Data-Based Efficient Off-Policy Stabilizing Optimal Control Algorithms for Discrete-Time Linear Systems via Damping Coefficients
Dongdong Li, Jiuxiang Dong
TL;DR
This work addresses stabilizing optimal control for discrete-time linear systems with unknown dynamics by introducing two model-free, off-policy algorithms that rely on damping-coefficient based homotopy. The first algorithm extends policy iteration to a data-driven setting, while the second employs off-policy Q-learning to estimate both stabilizing gains and ARE-like solutions, without applying current gains to the plant. Both methods provide explicit damping-update rules and persistently excited data conditions to guarantee convergence to the optimal gain and ARE solution, with simulations validating rapid convergence on an unstable DT system.
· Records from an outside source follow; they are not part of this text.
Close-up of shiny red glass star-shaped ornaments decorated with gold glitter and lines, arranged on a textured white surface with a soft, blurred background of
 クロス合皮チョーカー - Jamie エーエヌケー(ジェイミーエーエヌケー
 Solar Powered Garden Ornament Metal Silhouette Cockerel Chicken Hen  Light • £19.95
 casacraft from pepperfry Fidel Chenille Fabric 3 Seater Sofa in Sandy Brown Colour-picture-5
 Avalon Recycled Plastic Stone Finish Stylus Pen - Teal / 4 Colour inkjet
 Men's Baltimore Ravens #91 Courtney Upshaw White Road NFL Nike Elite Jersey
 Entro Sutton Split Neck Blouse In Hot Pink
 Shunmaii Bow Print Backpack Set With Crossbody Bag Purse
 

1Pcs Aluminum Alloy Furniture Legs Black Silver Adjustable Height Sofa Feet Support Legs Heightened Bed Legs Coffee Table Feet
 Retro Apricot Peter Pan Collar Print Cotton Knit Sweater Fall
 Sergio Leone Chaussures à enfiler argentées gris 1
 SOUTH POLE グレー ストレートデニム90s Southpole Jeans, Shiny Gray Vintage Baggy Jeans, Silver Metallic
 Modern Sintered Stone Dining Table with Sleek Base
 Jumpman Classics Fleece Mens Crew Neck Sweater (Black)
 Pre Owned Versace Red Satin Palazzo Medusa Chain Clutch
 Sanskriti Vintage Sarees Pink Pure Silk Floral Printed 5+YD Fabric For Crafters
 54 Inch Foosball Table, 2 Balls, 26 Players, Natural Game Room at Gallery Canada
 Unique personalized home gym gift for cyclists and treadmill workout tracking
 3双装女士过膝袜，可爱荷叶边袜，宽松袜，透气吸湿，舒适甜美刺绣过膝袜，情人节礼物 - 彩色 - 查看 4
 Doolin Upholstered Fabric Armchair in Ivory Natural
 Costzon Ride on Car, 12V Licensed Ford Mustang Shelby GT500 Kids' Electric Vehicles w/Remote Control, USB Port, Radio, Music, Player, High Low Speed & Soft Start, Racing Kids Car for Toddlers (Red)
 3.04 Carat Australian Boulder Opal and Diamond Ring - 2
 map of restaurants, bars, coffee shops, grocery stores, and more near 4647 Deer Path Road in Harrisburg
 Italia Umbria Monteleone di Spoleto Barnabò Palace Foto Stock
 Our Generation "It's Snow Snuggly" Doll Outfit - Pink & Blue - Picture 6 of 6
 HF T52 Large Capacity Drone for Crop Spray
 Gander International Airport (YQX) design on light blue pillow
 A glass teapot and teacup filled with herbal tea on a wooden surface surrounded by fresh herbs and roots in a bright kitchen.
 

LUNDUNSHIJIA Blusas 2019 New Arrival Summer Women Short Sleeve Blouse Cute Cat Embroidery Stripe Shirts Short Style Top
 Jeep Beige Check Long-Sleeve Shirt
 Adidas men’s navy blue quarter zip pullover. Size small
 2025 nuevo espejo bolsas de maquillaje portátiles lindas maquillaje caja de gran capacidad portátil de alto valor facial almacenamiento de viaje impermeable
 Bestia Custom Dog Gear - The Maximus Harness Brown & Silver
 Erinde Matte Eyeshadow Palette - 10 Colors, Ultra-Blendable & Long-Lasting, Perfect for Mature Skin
The approach reduces reliance on accurate system models and enables efficient, data-driven stabilization and near-optimal control in practice, with clear paths for extension to broader DT systems and real-world scenarios.
Abstract
Policy iteration is one of the classical frameworks of reinforcement learning, which requires a known initial stabilizing control. However, finding the initial stabilizing control depends on the known system model. To relax this requirement and achieve model-free optimal control, in this paper, two different reinforcement learning algorithms based on policy iteration and variable damping coefficients are designed for unknown discrete-time linear systems. First, a stable artificial system is designed, and this system is gradually iterated to the original system by varying the damping coefficients. This allows the initial stabilizing control to be obtained in a finite number of iteration steps. Then, an off-policy iteration algorithm and an off-policy $\mathcal{Q}$-learning algorithm are designed to select the appropriate damping coefficients and realize data-driven. In these two algorithms, the current estimates of optimal control gain are not applied to the system to re-collect data. Moreover, they are characterized by the fast convergence of the traditional policy iteration. Finally, the proposed algorithms are validated by simulation.